* [ABOUT THIS TASK] Set the whole listing down again, word for word, with no pictures.
━━━━━━
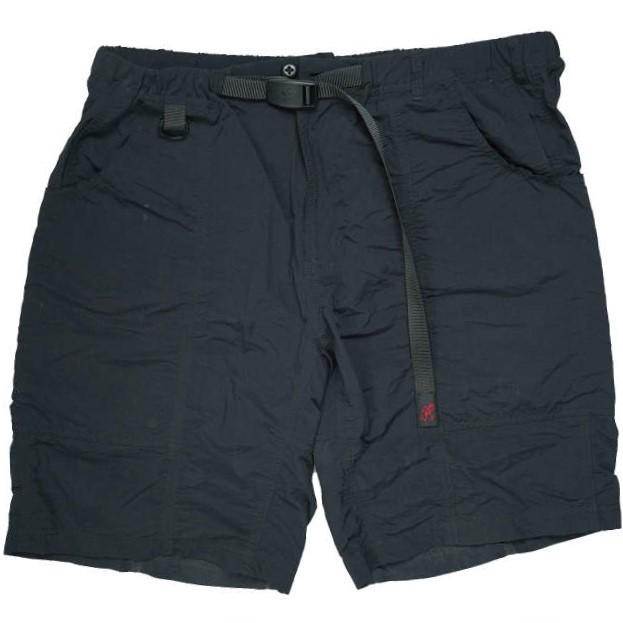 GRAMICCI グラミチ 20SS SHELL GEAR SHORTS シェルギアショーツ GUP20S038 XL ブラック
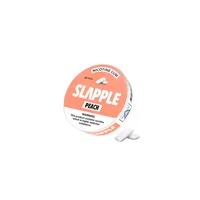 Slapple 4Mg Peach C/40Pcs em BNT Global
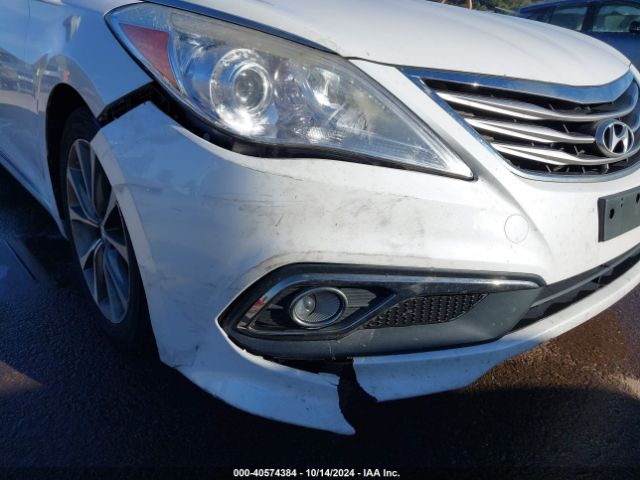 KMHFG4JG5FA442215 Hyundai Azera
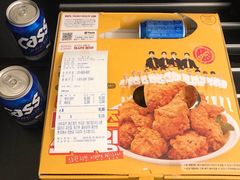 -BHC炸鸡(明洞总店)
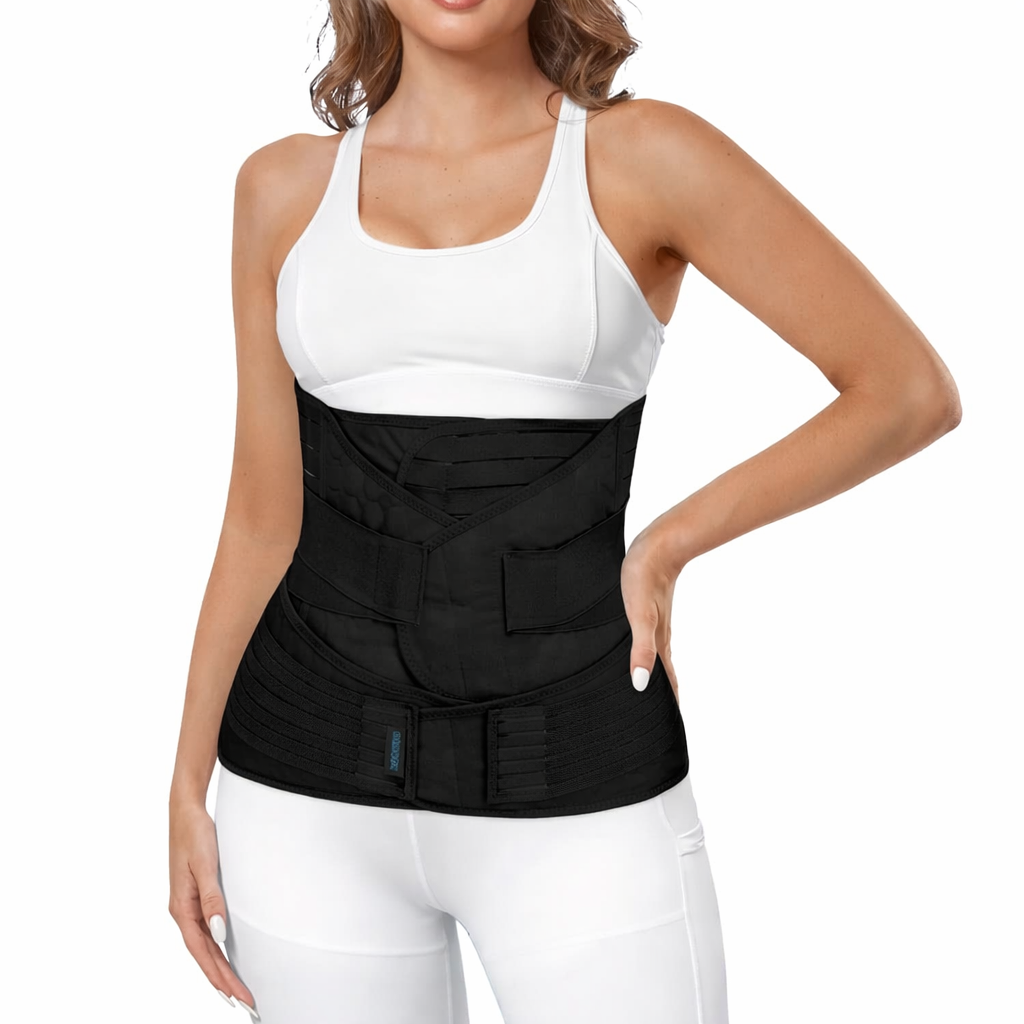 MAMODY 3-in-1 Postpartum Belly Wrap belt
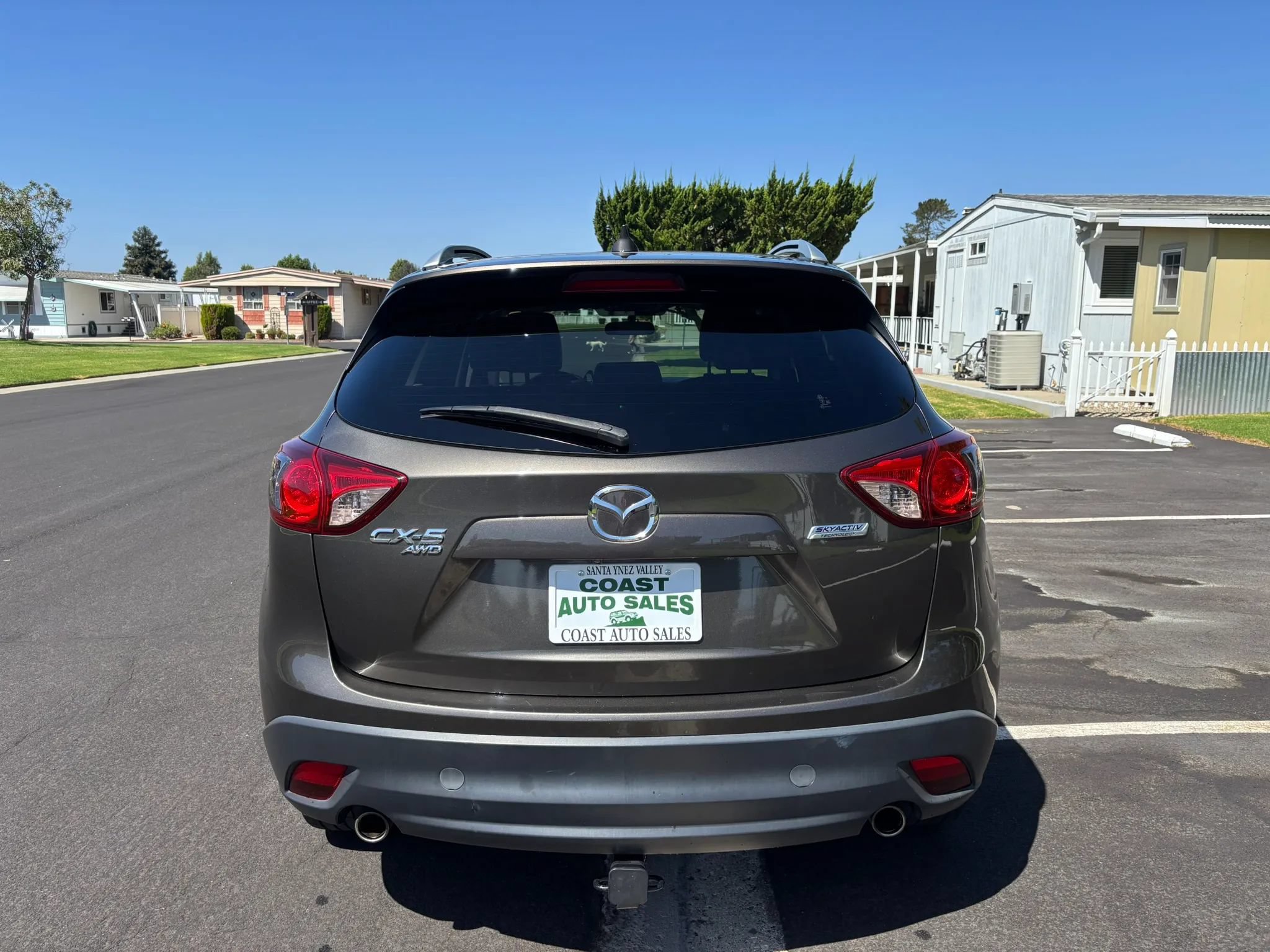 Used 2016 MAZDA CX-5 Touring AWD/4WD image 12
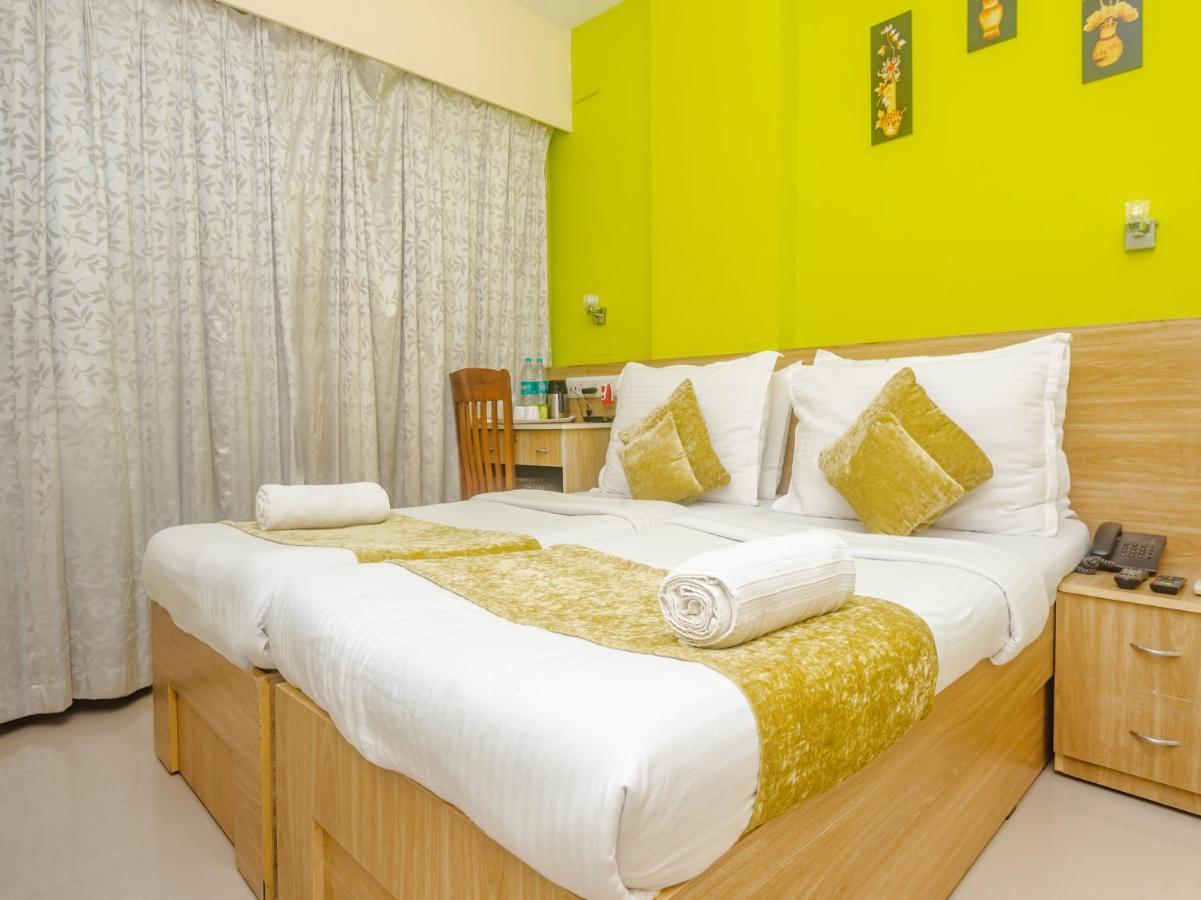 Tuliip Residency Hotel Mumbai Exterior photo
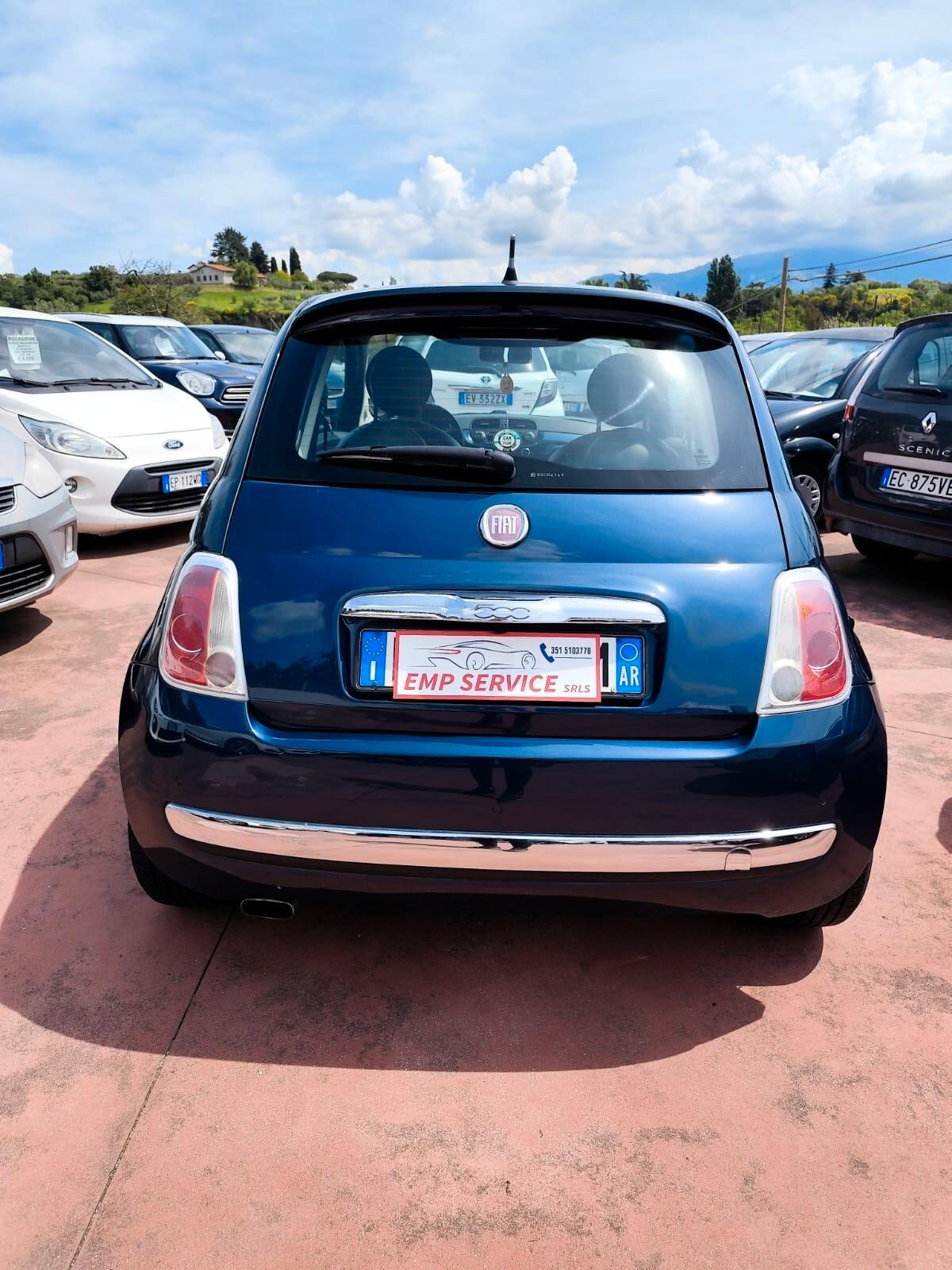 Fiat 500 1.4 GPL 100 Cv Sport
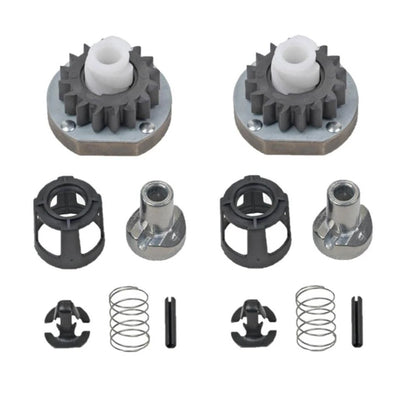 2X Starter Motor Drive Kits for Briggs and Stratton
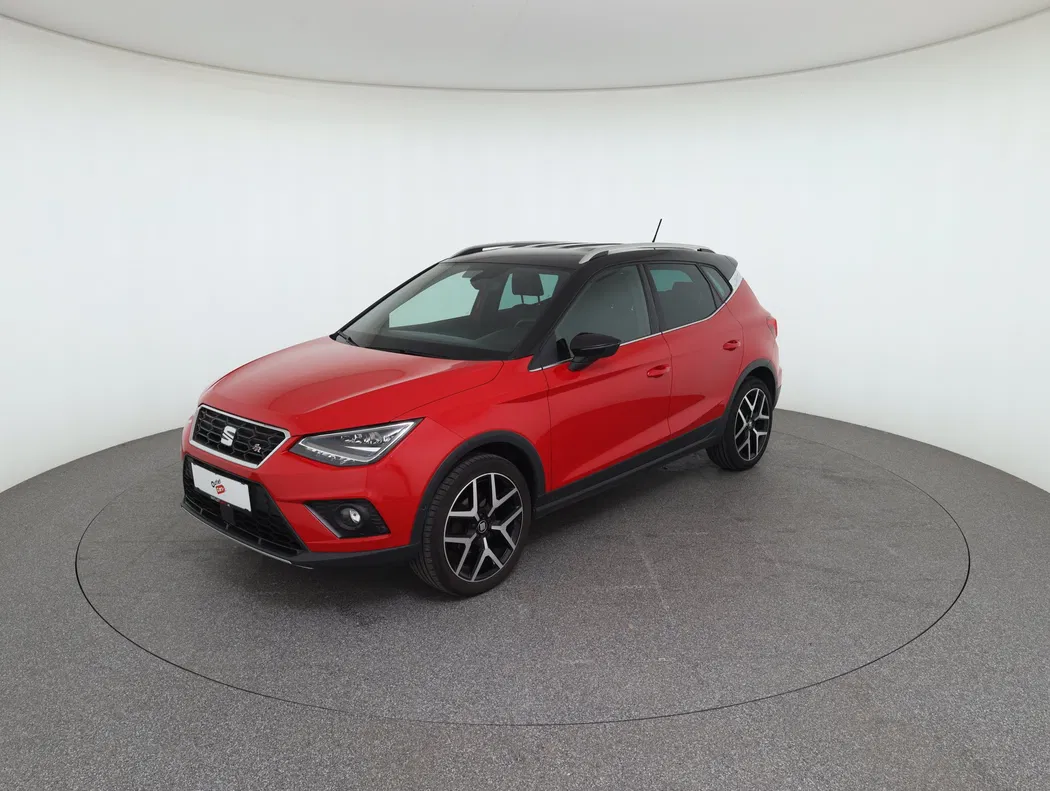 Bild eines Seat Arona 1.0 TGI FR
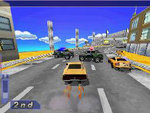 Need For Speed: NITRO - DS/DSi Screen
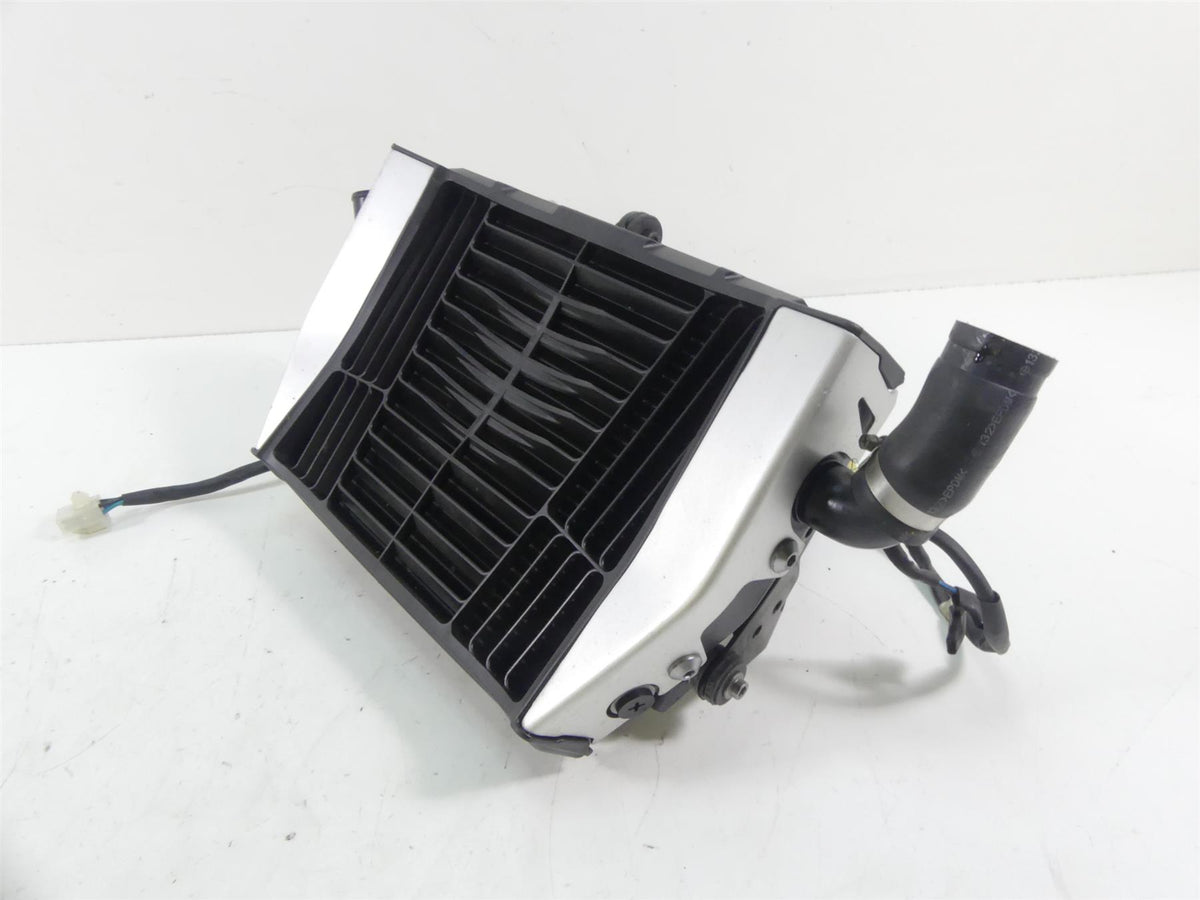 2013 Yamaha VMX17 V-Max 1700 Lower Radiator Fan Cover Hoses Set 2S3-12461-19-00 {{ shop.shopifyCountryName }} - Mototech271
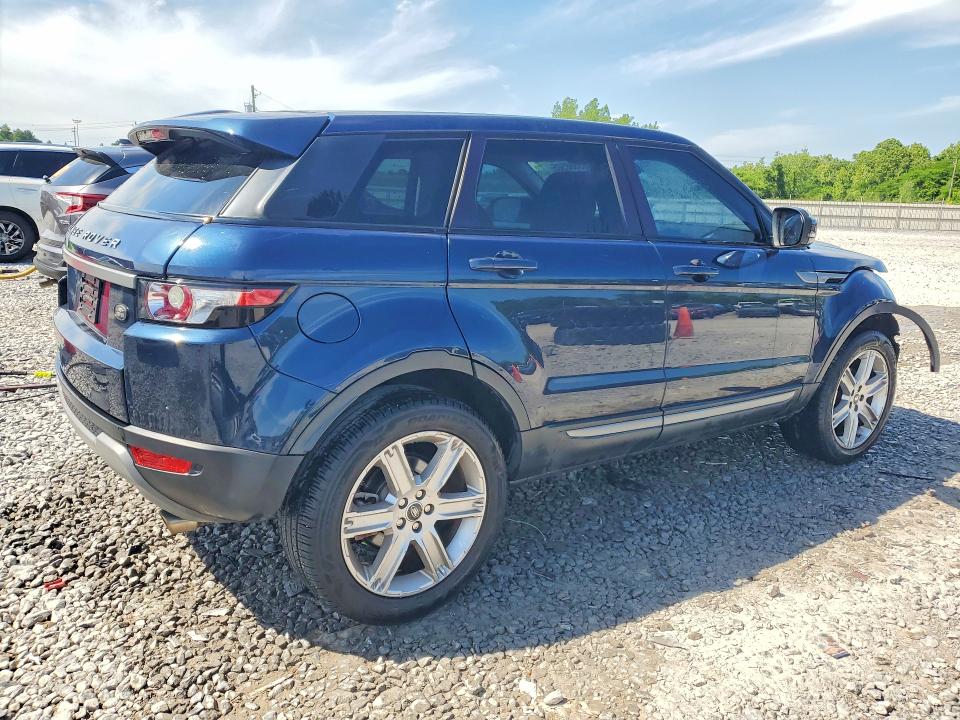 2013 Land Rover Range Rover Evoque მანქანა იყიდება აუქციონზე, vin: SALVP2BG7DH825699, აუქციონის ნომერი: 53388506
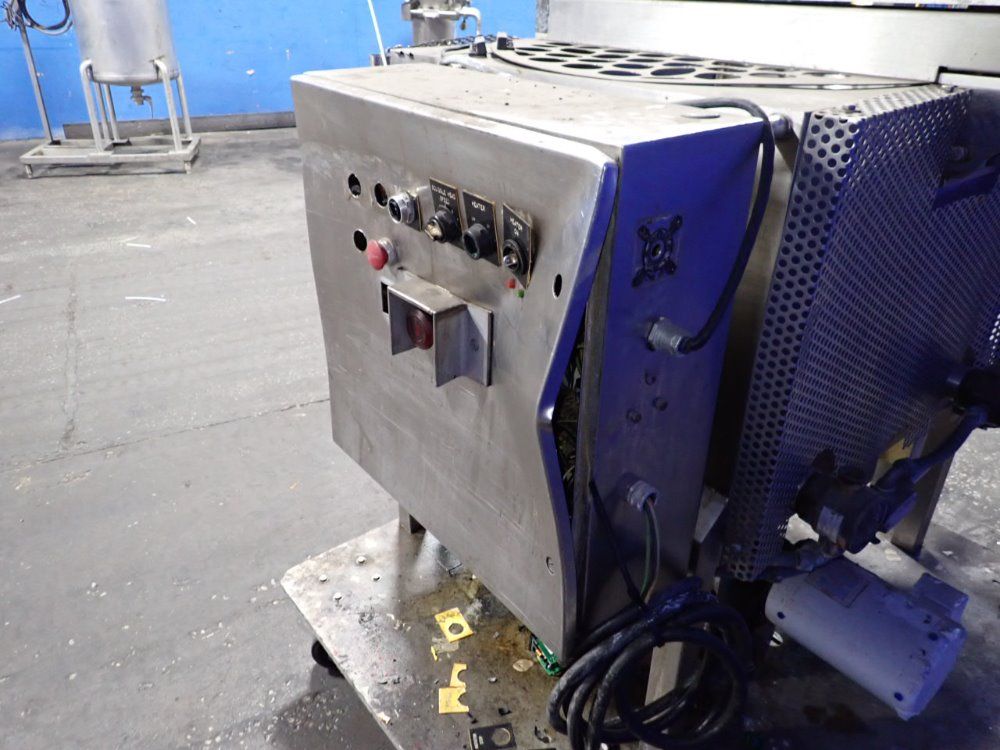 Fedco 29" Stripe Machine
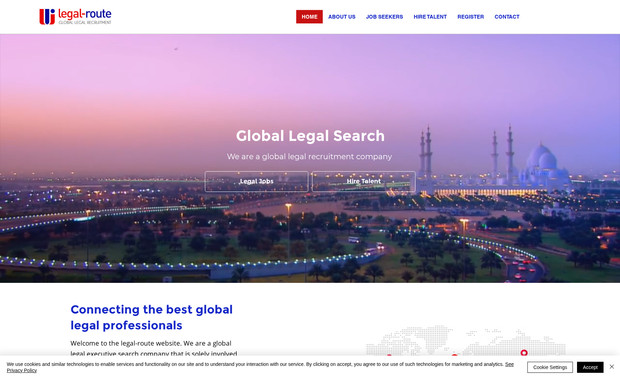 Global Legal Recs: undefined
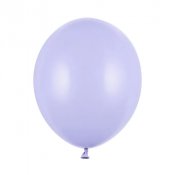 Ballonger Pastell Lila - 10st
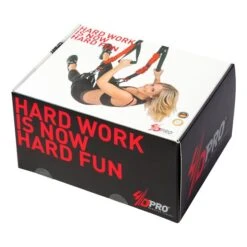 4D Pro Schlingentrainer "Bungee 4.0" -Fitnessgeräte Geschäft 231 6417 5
━━━━━━
* [EXERCISE RESPONSE]
 GRAMICCI グラミチ 20SS SHELL GEAR SHORTS シェルギアショーツ GUP20S038 XL ブラック
 Slapple 4Mg Peach C/40Pcs em BNT Global
 KMHFG4JG5FA442215 Hyundai Azera
 -BHC炸鸡(明洞总店)
 MAMODY 3-in-1 Postpartum Belly Wrap belt
 Used 2016 MAZDA CX-5 Touring AWD/4WD image 12
 Tuliip Residency Hotel Mumbai Exterior photo
 Fiat 500 1.4 GPL 100 Cv Sport
 2X Starter Motor Drive Kits for Briggs and Stratton
 Bild eines Seat Arona 1.0 TGI FR
 Need For Speed: NITRO - DS/DSi Screen
 2013 Yamaha VMX17 V-Max 1700 Lower Radiator Fan Cover Hoses Set 2S3-12461-19-00 {{ shop.shopifyCountryName }} - Mototech271
 2013 Land Rover Range Rover Evoque მანქანა იყიდება აუქციონზე, vin: SALVP2BG7DH825699, აუქციონის ნომერი: 53388506
 Fedco 29" Stripe Machine
 Global Legal Recs: undefined
 Ballonger Pastell Lila - 10st
 4D Pro Schlingentrainer "Bungee 4.0" -Fitnessgeräte Geschäft 231 6417 5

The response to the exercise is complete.